The sensitivity index d′ (d-prime) is the most widely used measure in Signal Detection Theory. It quantifies the distance between the means of the noise and signal-plus-noise distributions in standard deviation units. A d′ of 0 indicates chance performance (the two distributions completely overlap), while values above 2 indicate excellent discrimination ability.
Computation
Computing d′ requires converting hit rate and false alarm rate to z-scores using the inverse of the standard normal cumulative distribution function (probit transform). Because z-scores of 0 and 1 are undefined, a log-linear correction is commonly applied: add 0.5 to each cell count and add 1 to each row total before computing rates.

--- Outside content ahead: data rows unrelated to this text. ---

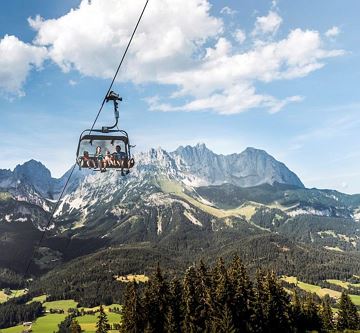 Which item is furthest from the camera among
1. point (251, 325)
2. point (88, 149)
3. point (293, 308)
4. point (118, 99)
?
point (293, 308)

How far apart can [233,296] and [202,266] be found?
325 inches

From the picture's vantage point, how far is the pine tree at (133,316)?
247ft

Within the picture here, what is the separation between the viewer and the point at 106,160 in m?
38.0

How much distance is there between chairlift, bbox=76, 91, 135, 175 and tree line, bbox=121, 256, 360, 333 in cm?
4420

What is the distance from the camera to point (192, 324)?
250ft

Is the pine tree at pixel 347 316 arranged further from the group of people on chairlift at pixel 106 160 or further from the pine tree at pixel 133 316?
the group of people on chairlift at pixel 106 160

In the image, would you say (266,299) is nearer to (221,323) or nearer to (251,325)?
(251,325)

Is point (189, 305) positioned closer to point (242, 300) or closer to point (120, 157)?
point (242, 300)

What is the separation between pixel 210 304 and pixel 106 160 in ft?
155

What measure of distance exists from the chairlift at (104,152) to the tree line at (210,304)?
44204 millimetres

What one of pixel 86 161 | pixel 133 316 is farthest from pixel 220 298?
pixel 86 161

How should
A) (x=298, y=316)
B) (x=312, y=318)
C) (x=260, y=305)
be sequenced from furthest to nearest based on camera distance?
(x=312, y=318) < (x=298, y=316) < (x=260, y=305)

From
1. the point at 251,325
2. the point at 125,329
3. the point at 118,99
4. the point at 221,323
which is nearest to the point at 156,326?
the point at 125,329

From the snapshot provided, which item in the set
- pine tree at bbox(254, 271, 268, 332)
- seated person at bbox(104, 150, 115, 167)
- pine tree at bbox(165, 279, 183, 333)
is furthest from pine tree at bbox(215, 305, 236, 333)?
seated person at bbox(104, 150, 115, 167) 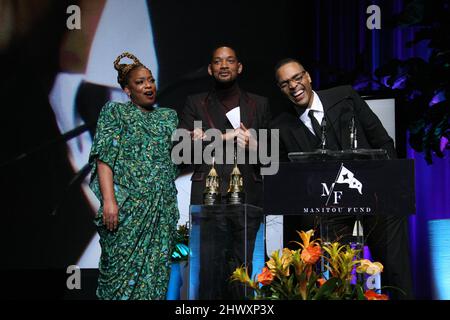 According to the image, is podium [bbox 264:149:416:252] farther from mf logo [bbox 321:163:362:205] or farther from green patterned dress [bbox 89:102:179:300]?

FAR_corrected = (false_alarms + 0.5) / (noise_trials + 1)
d′ = Φ⁻¹(HR) − Φ⁻¹(FAR)
Interpretation
Because d′ is measured in standard deviation units of the underlying distributions, it has a clear interpretation: d′ = 1 means the signal distribution is shifted one standard deviation above the noise distribution. Typical values in psychophysical experiments range from 0.5 (difficult discrimination) to 4.0 (easy discrimination). In memory recognition, d′ values of 1–2 are common.
The power of d′ lies in its invariance to criterion shifts. If an observer becomes more liberal or conservative — shifting their criterion without any change in perceptual sensitivity — d′ remains constant. This property makes it superior to simple percentage correct, which conflates sensitivity and bias.